The settlement agreement provided between $3,500 to $45,000 in compensation to eligible class members, depending on the level of abuse sustained at CPRI. The defendant, the government of Ontario, denies the truth of the allegations in the action and disclaims any liability whatsoever.
The barrier to justice faced by some class members is this: the claims administrator in the CPRI case requires that anyone submitting a claim on behalf of a class member without legal capacity has to provide documentation verifying their legal authority. Many class members in the CPRI class action are adults with disabilities. For these class members, this requirement means acquiring a court-approved guardianship order in order to access their CPRI inpatient files.
The Law of Guardianship
A guardianship order is a court appointment that authorizes a person to act and make personal care decisions on behalf of a mentally incapable adult. The only way to become a guardian of a person is to apply to the court. You must file a guardianship plan form which explains your plan for the incapable person’s care that you must follow. Ontario’s statutory framework for capacity and decision making and guardianship is complex and intricate. At the core are two statutes, the Substitute Decisions Act, 1992, (the “SDA”) and the Health Care Consent Act, 1996. Under the SDA, an assessor or physician must make a finding of incapacity prior to a guardianship being ordered. Legal capacity is defined as a person’s authority under the law to make specific decisions.
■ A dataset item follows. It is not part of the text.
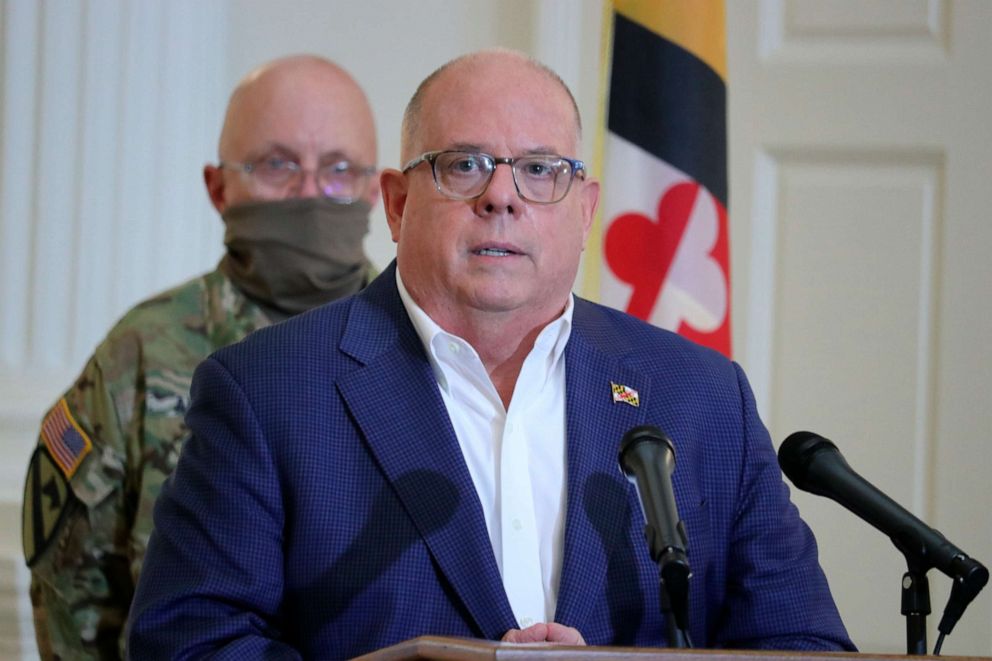 PHOTO: Maryland Gov. Larry Hogan announces that all nursing homes and assisted-living facilities in the state must conduct universal coronavirus testing of all residents and staff during a news conference, April 29, 2020 in Annapolis, Md.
There are two fundamental problems with requiring class members to obtain a guardianship order before accessing their health records and submitting a claim under the settlement agreement. First is the issue of costs and delay. Justice Lorne Sossin highlights in his article, Designing Administrative Justice, that guardianship applications brought through the courts can take many months, or years if contested, and are expensive. Importantly, “the costs can be significant and, where the assets of the incapable person are not similarly significant, it may not be practical, cost-effective or proportionate for a person of modest means to apply for guardianship over an incapable person.” Both the time and expense of obtaining a guardianship order will likely prevent a class member in CPRI from participating in the settlement claims process.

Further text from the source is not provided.